The biggest thing this year is that I do not want anyone else's drama bringing me down. I feel like since I've been in Singapore I have been caught up in this he said/she said/ i don't like these people but you can't tell them drama. And I also believe that I fuel this drama myself, as people tend to feel comfortable enough around me to share their feelings on just about everything and I am usually the one validating their feelings or giving them a boost of self confidence when they need it. I admit it; I am a total gossiper. BUT I do not want that in my life anymore...I am focusing on me and my issues this year so I am sorry but I do not have time for yours. If you are looking for juicy dirt, a self esteem boost, or an ally in your frenemy drama, I am no longer your go to girl! Save your drama for someone else because I don't have the energy to pretend to care anymore.

And I am trying my best to fit in in a working culture that is the total opposite of what I am used to...so I want to apologize in advance if I am not too interested in your career issues and achievements at the moment. I am doing my best to convince myself that this MAJOR change/sacrifice in career contentment is worth it...so trying to prop you up on your bad job days or hearing about how great your perfect job is not going to help my self brainwashing.

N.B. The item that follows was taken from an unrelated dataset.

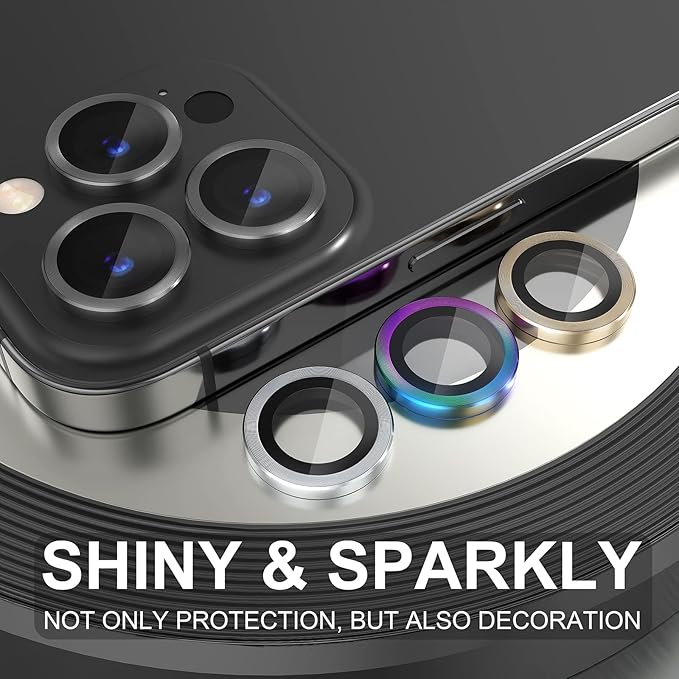 Choiche [3+1 for iPhone 14 Pro/iPhone 14 Pro Max Camera Lens Protector, 9H Tempered Glass Camera Cover Screen Protector Metal Ring Decoration Accessories (Black)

I also do not want to tempt myself into being my competitive self. I am trying to come to terms with the fact that I can't be perfect and not all employers are going to love me. I just need to worry about myself and do my job as well as I can! Lucky for me Asia is not big on firing unless you do something AWFUL. I do not not to focus on what everyone else is doing in their program and just focus on my development (however little or big that may be). It is ok if I don't speak French, or have business cards, or have projects,  or a close bond with the big boss, because I am getting almost exactly what I asked for in this opportunity. And I am doing the best that I can, so I am pretty sure that is all that matters.



Like this quote I have always been self-centered, but for this year only my radius of self-centricness is growing. I hope you can see that this is a good thing, because I definitely think it is. I promise when I am done in Singapore I will be back to my normal self, competiveness and gossip included! But until next year I hope you will accept my new attitude on life (translation: me, myself and I).

3 comments:

Flightless said...
This comment has been removed by the author.
Flightless said...

Hey Stephanie I miss you! I'm glad to read that you are taking more control to be happier and grow as a person. There is someone we know who is not doing that but I'll save the gossip for some other time. Some advice: "Je ne se pas" (Jzuh-neh-seh-pah) means "I don't know" in French (I said it frequently when called on in 9th grade French). I can totally help you design awesome business cards (company called Moo makes super cool looking ones - better quality than the ones I got). :oD Hope to talk to you soon!

Unknown said...

spinach! i miss you and our childhood days soooo much! i do want to hear gossip about people at home though!! its so hard being here when everyone is a "new" friend you know? like everyone ive been friends with at home has been a friend for yeeeeears especially you!